Reviewed on March 25, 2011
by Anna Rosensweig
When he comes back some months later it is under very different circumstances: Sergius and Raina’s father have both returned since peace has been declared between Serbia and Bulgaria. These well-situated Bulgarians learn that their mystery man is Captain Bluntschli, a Swiss officer, who had fought with the Serbians as a mercenary. His sheer pragmatism contrasts sharply with the idealized notions of love, honor, and country that the Petkoffs and the Saranoffs hold so dear.

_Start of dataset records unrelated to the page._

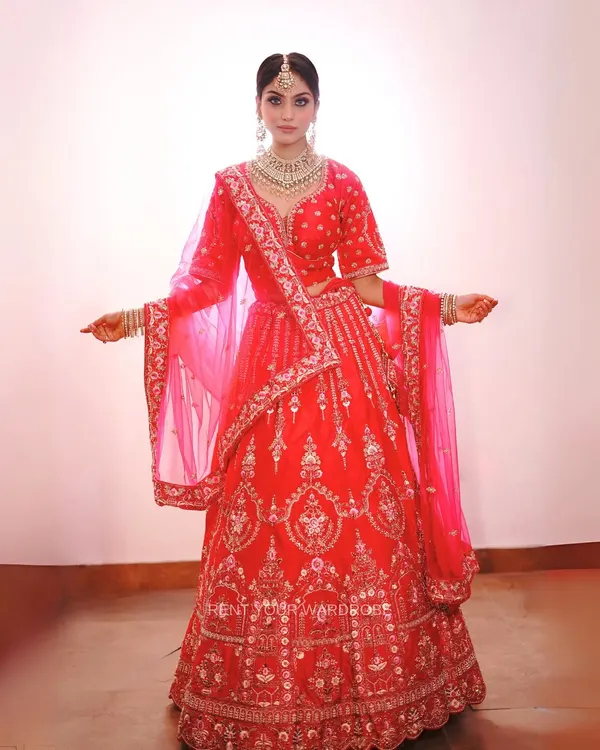 A full view of this gorgeous pink bridal lehenga. The intricate embroidery and matching dupatta make it a perfect choice for creating a classic bridal look for your makeup portfolio.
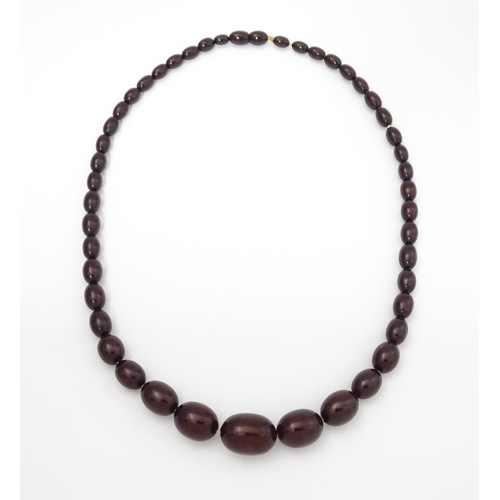 713 - A vintage necklace of graduated cherry amber coloured beads. Approx. 20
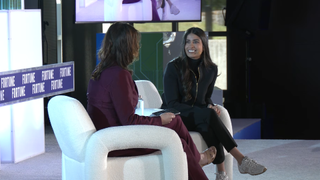 Asha Sharma speaks on stage during a Fortune Conversations interview, discussing Xbox's Project Helix strategy while seated in a white chair opposite the event moderator.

The Guthrie’s production of Arms and the Man, directed by Ethan McSweeny, is most successful when it plays up this contrast to great comic effect. Crackling with wit, Shaw’s text hilariously exposes the artifice involved in the arts of war and love. For example, Catherine Petkoff, played deftly by Katie Eifrig, complains that she’ll have to get used to not hating the Serbians and their allies. “Welcome our friend, the enemy,” she says when her husband, Major Petkoff (Peter Michael Goetz), urges her to make Captain Bluntschli (Jim Lichtscheidl) feel welcome. The production also succeeds with its physical comedy, under the restrained and effective direction of the Guthrie’s movement director Marcela Lorca. Faces contort to illustrate the difference between how a character feels and how he or she should feel. Arms flail and legs bend into exaggerated poses that highlight the rigors and absurdities of social grace and custom. Michael Schnatz as Sergius is particularly good in this respect, as are Lichtscheidl and Eifrig. Set designs by Walt Spangler offer an apt visual counterpoint that works in the favor of this light comedy, from a massive floral vine that might have emerged from Jim Henson’s hothouse to an overabundance of large-game trophy heads suspended ingeniously to mark the invisible walls of the library. In addition, the costumes (designed by Murell Horton), are at once hilarious and gorgeous.

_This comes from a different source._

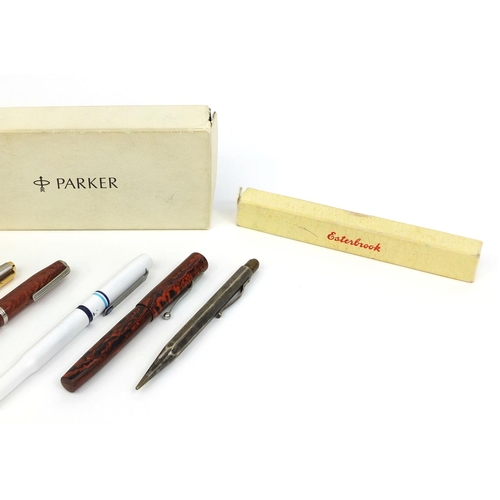 71 - Group of vintage fountain pens and propelling pencils, including a brown ripple Blackbird self fille...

When the production backs away from these comedic elements, it falters. The moments that dampen the wit and lack visual gags make Shaw’s drama seem less like a satire and more like a sermon. Many of the exchanges between Raina’s maid Louka (Summer Hagen) and the Petkoffs’ servant Nicola (J.C. Cutler) fall flat. The two are engaged, but whereas Nicola accepts his current station and aspires only to one day be a shopkeeper, Louka longs for social advancement and claims to lack “the heart of a servant.” The contrast between their attitudes and the strain it puts on their relationship comes across as heavy handed in part because its comedic potential remains untapped.
One of the difficulties in carrying off these scenes is that Louka and Nicola’s characters share no romantic spark. They may be socially well-matched, but Louka’s heart isn’t in it. Likewise, Raina (Mariko Nakasone) and Sergius theoretically form a perfect couple. Not only do they come from the most prominent families in Bulgaria but they are both equally (and often quite funnily) demonstrative of their good fortune and position. But a huge deficit exists between their professions of “higher love” for each other and their actual feelings. By the end of the play, new matches are made. And yet these new matches – which presumably conform less to social convention and more to true affection – also fail to convince in the Guthrie’s production because the couples formed fail to project much chemistry or desire. As a result the new matches ring just as hollow as the old, which undercuts the drama’s critiques of the outmoded rules of courtship and the strictures of idealized, romantic love.
The production more successfully highlights the anxiety of ideals when treating patriotism and bourgeois advancement. An interlude between the first and second acts features the Petkoff family and servants singing their national anthem while raising a Bulgarian flag. The booming major chords of the song match perfectly with their fervent devotion to the flag. But when the gramophone abruptly winds down in the middle of a chorus, they stop singing, unsure of what to do. It is only after Nicola winds the device back up that their homage to their flag can continue. The interlude does an excellent job of showing how patriotism can simultaneously be deeply felt and thoroughly contrived.
Other strains of this very careful attention to the everyday habits of class and nation are more subtle but worth remarking, and this production had a full complement of behind-the-scenes talent to help, including speech coaches Wendy Waterman and Erika Bailey. A sort of plain speech underscores the uncontrived manner of Lichtscheidl’s Captain Bluntschli and helps him to become such an effective straight man in this comedy. His vocal understatement is in no way reminiscent of the typical Swiss sing-song goatherd caricature often made of this character, and thus contrasts very well with the overwrought diction of Raina and Sergius, or of Major Petkoff’s blustery patrician mumbling. While it’s certainly not necessary that every play have something serious to say about the world, this production worked best when it allowed the actors to work a careful craft of voice and body, and not be overshadowed by either the weight of class consciousness or the enormity of the Guthrie’s production values.